Gammastrahlenblitze wurden zufällig entdeckt
Am 20. Juli 2018 hatte das ebenfalls federführend von der Max-Planck-Gesellschaft betriebene grösste Gammastrahlenteleskop der Erde am High-Energy Stereoscopic System ("H.E.S.S.") in Namibia noch nach mehr als zehn Stunden das schwache Nachleuchten eines Gammastrahlenausbruchs erfasst.
Dieses Nachleuchten war zuvor nur bei anderen Wellenlängen beobachtet worden, etwa mit Radio- oder optischen Teleskopen.
Gammastrahlenblitze waren in den 1960er Jahren zufällig durch Satelliten entdeckt worden - und werden durch diese täglich beobachtet. Sie haben aber viel zu kleine Detektorflächen, um für die sehr geringe Helligkeit von Ausbrüchen bei sehr hohen Energien empfindlich zu sein, wie das Teilchenbeschleuniger-Zentrum Desy erklärt.
"Daher war es bislang unklar, ob die Monster-Explosionen auch noch Gammastrahlung bei sehr hohen Energien aussenden." Mit erdgebundenen Teleskopen liessen sich die Gammaquanten der Blitze demnach bislang nicht beobachten, weil die Erdatmosphäre sie normalerweise schluckt.
Mit den Spezialteleskopen kann nun aber das schwache, bläuliche Cherenkov-Licht registriert werden, das kosmische Gammastrahlung in der Erdatmosphäre erzeugt.
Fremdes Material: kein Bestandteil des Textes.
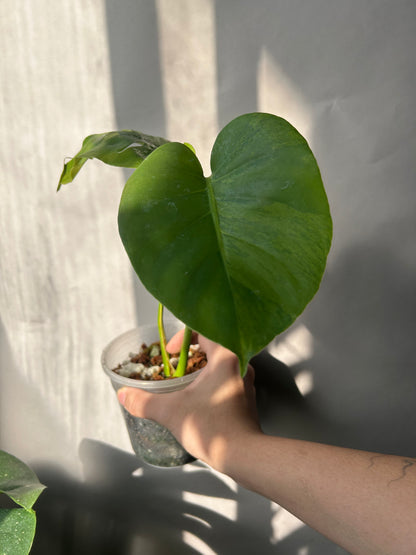 Monstera Deliciosa Green-on-Gree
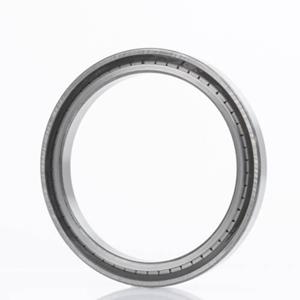 Cilinderlager INA SL182219-A Boordiameter 95 mm Buitendiameter 170 Toerental (max.) 2410 omw/min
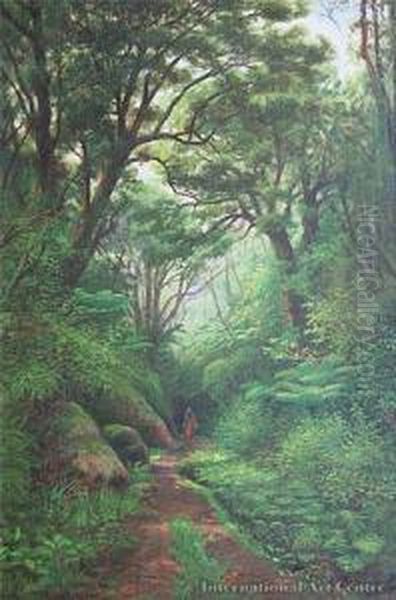 Coromandel Bush Walk Oil Painting by Charles Blomfield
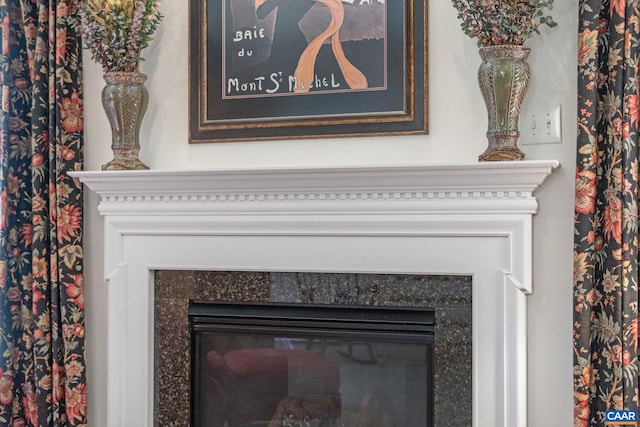 details with a glass covered fireplace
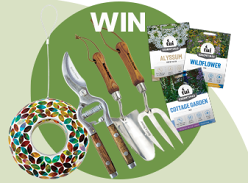 Win Kent and Stowe Tools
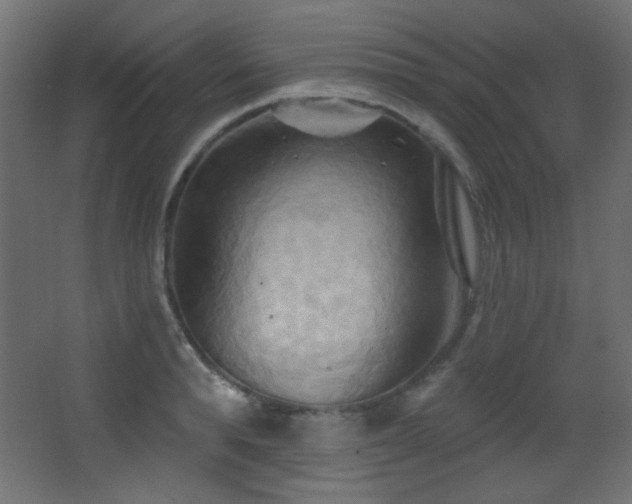 X0000068320896200604211202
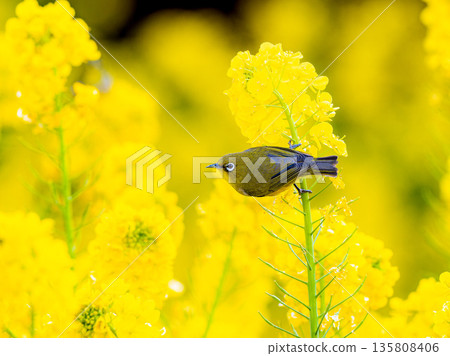 油菜花田裡的白眼 135808406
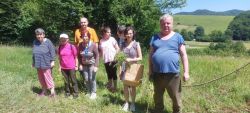 Zber kvetov a liečivých rastlín - 8_zmensena
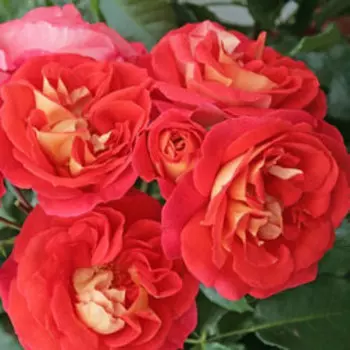 Роза флорибунда Братья Гримм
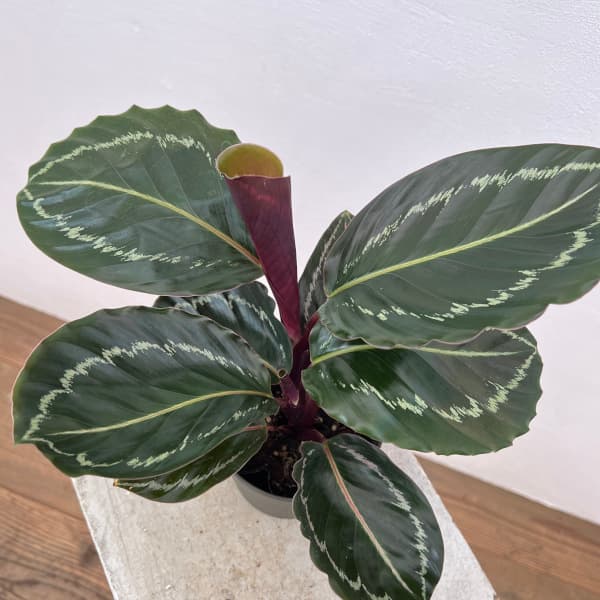 カラテア:ジャングルローズ 4号鉢植え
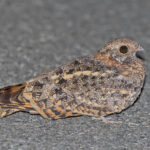 Pennant-winged Nightjar (image by Pete Morris)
Blitze besser detektierbar
Dass der Nachweis im Bereich der Gammastrahlung gelang, hat David Green vom MPP zufolge auch mit mehreren glücklichen Umständen zu tun: Einerseits seien im Fall von "Magic" nur wenige Sekunden zwischen Satellitendetektion und Ausrichtung der Teleskope auf der Erde vergangen.
Andererseits seien beide beobachteten Blitze in kosmischen Massstäben vergleichsweise nah gewesen und somit deutlich heller und besser detektierbar als andere, weiter entfernte Explosionen.
Green betonte, dass man mit den Teleskopen auf der Erde bislang nie die Blitze selbst messen konnte, da diese je nach Art der Explosion nur 2 bis maximal 60 Sekunden andauerten. Aber die Forscher seien diesmal sehr nah dran gewesen und hätten viel vom Nachglühen der Blitze aufzeichnen können. (ff/dpa)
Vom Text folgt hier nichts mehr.